> Task item: In the records below, find the line with "Gall Bladder Stone" and the line with "Before and after results". Print both exactly, along with every line between them, and no other line.

(Entries taken from a collection)
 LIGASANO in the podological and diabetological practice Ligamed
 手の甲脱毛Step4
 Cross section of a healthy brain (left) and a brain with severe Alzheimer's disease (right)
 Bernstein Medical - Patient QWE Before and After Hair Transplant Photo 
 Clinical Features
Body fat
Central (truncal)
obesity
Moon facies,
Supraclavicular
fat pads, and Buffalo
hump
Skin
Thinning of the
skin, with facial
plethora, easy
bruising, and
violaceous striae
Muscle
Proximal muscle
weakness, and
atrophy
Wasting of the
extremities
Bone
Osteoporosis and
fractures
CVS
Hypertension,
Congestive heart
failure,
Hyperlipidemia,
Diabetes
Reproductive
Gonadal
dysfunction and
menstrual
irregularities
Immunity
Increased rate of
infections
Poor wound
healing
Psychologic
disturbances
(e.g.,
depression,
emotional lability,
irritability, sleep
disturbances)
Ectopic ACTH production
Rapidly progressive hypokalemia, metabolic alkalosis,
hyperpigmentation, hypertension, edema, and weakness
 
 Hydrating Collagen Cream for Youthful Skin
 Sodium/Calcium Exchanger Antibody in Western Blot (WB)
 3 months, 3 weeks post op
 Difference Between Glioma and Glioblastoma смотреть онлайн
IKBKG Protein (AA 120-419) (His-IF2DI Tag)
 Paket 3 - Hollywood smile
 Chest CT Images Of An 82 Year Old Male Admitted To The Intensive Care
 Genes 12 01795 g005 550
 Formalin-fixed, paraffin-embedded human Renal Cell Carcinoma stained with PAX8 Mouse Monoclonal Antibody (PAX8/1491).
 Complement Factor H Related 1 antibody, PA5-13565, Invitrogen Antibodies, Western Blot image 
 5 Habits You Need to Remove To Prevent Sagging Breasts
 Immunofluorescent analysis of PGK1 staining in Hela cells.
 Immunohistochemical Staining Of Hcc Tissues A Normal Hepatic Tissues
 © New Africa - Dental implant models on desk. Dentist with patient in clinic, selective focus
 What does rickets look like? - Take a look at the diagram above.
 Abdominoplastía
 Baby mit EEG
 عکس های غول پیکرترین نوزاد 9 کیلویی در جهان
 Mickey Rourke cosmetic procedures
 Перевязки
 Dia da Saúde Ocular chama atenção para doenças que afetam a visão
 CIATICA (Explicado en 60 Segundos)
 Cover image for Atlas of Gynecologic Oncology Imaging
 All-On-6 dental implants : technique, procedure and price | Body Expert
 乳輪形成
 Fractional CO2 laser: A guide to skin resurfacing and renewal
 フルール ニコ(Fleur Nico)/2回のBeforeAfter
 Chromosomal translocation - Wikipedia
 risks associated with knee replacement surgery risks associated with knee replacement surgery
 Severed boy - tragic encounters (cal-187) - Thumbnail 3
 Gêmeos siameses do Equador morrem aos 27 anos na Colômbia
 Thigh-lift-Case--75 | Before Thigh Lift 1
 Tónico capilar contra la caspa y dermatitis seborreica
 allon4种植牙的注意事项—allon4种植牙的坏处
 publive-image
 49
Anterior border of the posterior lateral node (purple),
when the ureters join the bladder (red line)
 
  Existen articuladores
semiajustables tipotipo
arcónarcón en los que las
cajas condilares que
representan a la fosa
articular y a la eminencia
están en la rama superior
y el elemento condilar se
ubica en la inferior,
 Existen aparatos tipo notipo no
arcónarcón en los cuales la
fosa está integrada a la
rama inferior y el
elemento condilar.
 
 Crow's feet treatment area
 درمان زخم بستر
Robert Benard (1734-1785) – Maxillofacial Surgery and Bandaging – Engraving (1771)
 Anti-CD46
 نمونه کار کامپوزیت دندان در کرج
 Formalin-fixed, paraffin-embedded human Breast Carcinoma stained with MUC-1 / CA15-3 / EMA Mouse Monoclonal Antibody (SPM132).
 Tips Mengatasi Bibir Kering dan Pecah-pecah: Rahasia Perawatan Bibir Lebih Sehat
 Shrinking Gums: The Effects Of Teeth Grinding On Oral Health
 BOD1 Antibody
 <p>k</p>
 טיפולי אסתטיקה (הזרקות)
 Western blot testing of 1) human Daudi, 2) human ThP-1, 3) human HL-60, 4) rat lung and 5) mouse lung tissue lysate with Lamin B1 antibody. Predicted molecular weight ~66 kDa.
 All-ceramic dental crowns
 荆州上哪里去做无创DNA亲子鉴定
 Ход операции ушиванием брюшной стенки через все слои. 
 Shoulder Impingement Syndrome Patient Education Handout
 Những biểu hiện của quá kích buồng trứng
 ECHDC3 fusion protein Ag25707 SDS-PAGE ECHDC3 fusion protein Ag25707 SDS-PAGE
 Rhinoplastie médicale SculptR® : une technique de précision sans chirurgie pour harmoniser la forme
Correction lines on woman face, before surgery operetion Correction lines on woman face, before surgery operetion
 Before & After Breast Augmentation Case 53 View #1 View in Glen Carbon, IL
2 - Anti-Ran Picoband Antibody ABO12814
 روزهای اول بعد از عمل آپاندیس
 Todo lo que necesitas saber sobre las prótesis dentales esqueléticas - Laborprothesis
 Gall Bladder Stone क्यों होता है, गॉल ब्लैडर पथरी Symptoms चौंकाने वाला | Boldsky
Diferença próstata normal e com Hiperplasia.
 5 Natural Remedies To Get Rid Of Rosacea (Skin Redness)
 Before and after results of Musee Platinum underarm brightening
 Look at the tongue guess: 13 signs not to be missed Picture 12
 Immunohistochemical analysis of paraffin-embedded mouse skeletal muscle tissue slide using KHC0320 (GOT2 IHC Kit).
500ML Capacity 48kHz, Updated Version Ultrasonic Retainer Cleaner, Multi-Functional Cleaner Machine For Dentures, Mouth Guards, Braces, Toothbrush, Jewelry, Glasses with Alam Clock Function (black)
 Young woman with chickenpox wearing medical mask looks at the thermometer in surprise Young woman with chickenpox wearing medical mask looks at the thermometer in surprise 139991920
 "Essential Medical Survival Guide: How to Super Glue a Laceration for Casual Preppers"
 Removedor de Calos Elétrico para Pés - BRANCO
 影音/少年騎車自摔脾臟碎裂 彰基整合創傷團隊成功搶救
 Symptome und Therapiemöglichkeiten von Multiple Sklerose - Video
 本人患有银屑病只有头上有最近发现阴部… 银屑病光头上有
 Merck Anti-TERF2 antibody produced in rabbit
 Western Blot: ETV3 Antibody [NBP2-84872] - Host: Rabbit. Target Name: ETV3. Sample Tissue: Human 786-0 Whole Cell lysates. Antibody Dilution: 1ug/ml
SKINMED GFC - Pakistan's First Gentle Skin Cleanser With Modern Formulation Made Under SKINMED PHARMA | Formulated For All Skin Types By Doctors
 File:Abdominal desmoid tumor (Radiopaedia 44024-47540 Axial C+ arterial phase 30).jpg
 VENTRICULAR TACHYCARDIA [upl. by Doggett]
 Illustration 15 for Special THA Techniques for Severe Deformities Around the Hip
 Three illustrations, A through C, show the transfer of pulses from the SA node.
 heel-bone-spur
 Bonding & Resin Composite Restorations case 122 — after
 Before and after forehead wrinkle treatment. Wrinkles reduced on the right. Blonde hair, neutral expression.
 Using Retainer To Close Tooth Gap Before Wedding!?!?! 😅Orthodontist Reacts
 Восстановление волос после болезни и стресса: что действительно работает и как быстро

> Worked solution:
 Gall Bladder Stone क्यों होता है, गॉल ब्लैडर पथरी Symptoms चौंकाने वाला | Boldsky
Diferença próstata normal e com Hiperplasia.
 5 Natural Remedies To Get Rid Of Rosacea (Skin Redness)
 Before and after results of Musee Platinum underarm brightening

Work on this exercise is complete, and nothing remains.